Les gouvernements ont aussi manifesté un degré accru de conscience. À titre de ministre du Commerce international, je peux signaler les accords complémentaires de l'ALENA sur la main-d'oeuvre et l'environnement et notre engagement à l'égard de la transparence et du développement dans le prochain cycle de négociations de l'OMC et des négociations de la Zone de libre-échange des Amériques. Je suis également fier d'appartenir à un gouvernement qui a ratifié le Protocole de Kyoto.

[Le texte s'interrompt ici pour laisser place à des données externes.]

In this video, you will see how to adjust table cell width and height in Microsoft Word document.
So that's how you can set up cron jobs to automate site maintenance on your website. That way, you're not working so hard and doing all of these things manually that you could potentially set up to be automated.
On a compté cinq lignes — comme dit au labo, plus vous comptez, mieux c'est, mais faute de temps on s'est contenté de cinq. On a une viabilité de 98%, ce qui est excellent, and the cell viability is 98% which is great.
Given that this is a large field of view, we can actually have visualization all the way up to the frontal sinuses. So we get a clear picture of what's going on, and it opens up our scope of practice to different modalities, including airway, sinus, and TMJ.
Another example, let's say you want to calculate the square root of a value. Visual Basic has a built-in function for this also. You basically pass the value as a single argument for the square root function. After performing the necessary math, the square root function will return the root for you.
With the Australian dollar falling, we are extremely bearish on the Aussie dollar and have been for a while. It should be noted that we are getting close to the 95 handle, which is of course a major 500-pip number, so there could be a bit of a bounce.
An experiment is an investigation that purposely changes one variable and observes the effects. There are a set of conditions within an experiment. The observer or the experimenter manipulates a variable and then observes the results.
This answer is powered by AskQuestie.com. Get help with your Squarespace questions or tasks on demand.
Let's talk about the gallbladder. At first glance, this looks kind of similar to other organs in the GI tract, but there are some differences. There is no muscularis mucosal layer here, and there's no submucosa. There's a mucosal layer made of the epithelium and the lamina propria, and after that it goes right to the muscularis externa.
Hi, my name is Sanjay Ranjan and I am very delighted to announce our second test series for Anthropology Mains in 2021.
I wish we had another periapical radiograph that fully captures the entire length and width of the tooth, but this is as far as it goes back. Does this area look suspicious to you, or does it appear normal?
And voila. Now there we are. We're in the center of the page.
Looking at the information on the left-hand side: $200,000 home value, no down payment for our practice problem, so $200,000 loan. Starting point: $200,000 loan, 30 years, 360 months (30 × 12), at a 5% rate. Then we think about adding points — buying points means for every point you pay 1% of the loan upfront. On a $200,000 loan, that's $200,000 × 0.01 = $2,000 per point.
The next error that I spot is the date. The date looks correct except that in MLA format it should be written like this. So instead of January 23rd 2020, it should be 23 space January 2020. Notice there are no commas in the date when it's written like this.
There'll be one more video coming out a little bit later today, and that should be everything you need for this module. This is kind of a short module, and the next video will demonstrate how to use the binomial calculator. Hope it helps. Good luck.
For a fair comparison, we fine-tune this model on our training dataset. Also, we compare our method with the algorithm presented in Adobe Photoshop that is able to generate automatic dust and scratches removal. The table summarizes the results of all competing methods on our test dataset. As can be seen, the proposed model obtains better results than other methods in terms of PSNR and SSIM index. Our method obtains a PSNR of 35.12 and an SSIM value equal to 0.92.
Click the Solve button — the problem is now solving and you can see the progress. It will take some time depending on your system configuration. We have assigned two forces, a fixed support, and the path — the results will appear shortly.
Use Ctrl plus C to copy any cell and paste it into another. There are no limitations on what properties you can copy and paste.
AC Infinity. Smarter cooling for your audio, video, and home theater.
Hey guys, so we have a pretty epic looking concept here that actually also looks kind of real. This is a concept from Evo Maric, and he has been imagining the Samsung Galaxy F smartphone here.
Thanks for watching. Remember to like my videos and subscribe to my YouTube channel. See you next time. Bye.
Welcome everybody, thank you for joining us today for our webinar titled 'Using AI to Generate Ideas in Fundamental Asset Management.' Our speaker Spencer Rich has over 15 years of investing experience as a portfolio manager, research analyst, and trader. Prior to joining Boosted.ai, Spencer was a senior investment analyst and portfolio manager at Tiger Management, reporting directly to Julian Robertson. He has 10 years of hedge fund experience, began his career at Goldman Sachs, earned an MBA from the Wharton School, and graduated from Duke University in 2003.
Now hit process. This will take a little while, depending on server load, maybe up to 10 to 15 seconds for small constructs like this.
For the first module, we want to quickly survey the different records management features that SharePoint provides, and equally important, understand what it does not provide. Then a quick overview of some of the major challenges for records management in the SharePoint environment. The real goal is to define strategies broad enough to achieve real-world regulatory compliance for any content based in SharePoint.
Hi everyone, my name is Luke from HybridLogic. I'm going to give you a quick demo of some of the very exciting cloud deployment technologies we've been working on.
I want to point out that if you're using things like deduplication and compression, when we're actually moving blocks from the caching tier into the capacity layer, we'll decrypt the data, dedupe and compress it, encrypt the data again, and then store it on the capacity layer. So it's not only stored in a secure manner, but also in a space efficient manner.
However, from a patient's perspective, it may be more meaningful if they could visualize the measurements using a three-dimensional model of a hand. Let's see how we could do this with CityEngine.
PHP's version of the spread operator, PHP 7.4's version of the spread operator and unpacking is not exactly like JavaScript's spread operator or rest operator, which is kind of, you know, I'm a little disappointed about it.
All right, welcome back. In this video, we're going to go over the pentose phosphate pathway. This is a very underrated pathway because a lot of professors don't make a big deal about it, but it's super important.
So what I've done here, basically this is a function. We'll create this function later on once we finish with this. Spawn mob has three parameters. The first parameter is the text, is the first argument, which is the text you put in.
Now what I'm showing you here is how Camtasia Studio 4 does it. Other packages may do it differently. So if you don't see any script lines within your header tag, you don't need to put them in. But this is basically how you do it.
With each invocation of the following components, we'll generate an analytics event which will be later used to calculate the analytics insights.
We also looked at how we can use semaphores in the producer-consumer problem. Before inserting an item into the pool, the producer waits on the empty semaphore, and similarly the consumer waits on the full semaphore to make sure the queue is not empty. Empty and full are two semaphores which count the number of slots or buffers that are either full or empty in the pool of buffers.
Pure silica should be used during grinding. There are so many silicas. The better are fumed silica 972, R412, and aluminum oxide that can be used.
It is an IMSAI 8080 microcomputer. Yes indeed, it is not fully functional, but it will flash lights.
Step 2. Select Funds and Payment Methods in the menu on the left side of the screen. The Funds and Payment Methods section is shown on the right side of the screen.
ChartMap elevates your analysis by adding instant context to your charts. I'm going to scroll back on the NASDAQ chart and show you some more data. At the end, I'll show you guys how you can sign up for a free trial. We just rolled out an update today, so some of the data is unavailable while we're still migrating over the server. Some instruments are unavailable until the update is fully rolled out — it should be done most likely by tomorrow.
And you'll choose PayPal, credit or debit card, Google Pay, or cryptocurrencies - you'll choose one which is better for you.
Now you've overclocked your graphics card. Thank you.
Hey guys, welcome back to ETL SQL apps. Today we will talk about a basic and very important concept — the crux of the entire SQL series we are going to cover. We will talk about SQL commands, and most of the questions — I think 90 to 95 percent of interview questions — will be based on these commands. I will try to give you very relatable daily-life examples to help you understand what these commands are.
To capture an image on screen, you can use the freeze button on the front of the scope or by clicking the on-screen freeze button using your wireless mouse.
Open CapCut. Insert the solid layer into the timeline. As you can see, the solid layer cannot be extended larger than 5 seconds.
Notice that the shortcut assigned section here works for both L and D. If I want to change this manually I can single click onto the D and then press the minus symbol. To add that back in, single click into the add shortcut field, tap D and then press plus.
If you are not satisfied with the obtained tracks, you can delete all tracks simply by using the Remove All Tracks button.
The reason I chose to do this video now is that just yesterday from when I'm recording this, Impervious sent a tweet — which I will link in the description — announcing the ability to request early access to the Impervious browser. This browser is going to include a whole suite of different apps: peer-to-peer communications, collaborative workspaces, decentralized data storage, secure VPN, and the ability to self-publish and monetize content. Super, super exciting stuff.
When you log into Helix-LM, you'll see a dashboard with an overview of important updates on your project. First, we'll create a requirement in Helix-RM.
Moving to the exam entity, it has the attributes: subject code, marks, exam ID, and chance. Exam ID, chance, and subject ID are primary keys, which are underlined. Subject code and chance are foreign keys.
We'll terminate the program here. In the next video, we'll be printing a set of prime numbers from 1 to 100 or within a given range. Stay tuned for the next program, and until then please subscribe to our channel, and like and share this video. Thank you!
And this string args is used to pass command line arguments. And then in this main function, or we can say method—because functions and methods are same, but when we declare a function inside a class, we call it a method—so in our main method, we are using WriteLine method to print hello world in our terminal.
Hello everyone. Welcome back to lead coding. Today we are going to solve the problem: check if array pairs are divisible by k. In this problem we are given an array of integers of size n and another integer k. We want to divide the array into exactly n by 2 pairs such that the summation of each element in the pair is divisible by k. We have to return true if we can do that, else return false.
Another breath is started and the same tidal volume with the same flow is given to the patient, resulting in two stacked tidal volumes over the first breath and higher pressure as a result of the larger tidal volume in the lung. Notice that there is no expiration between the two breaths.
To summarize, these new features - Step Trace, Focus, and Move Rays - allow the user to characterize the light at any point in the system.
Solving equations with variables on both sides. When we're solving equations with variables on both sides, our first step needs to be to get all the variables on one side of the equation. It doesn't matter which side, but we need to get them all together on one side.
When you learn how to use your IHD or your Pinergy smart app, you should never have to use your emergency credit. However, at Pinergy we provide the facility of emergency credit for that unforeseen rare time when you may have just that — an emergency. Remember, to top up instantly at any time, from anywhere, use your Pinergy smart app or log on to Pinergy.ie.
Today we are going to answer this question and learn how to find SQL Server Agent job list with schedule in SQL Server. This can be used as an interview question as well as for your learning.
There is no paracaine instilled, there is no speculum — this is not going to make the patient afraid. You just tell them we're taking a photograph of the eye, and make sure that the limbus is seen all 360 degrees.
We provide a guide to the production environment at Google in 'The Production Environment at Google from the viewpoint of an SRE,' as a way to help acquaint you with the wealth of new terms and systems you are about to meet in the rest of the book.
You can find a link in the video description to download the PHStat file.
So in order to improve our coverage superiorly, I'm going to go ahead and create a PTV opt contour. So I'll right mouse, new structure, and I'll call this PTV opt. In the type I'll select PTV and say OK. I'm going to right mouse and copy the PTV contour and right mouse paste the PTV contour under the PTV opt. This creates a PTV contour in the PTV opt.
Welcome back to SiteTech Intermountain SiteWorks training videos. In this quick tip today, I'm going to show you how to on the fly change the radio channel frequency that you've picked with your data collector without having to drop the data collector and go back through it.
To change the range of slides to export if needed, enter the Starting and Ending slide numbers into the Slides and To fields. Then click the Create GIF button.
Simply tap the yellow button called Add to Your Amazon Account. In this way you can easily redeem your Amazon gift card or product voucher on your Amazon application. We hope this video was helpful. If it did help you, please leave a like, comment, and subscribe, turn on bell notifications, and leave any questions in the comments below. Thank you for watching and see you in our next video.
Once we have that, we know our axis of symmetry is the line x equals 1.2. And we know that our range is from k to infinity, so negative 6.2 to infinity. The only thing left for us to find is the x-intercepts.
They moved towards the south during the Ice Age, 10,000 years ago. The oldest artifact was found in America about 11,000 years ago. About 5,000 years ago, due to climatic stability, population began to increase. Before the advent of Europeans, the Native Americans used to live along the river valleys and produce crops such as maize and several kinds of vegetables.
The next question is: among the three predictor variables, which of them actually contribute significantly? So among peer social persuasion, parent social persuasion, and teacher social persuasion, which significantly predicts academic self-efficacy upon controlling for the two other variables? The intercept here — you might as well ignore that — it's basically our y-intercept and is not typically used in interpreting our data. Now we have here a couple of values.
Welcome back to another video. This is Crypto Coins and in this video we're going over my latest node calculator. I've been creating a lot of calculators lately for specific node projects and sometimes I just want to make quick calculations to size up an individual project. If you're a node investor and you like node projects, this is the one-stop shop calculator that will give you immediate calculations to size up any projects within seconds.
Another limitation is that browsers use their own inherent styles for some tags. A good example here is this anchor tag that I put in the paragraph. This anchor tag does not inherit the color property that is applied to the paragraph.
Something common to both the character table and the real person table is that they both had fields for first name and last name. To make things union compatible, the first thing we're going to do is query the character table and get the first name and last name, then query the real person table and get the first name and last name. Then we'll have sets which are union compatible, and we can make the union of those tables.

Tous ces exemples témoignent d'un comportement plus responsable du fait qu'il est socialement inspiré par un niveau de conscience plus élevé. C'est un bon début, mais, si nous voulons connaître une prospérité vraiment durable, nous devons être résolus à faire régner dans nos activités respectives une conscience plus exigeante. Et si nous voulons que cette éthique de la conscience pénètre toutes les couches de la société, nous devons faire en sorte que les individus, surtout dans les démocraties, fassent usage de leur pouvoir pour influencer l'État.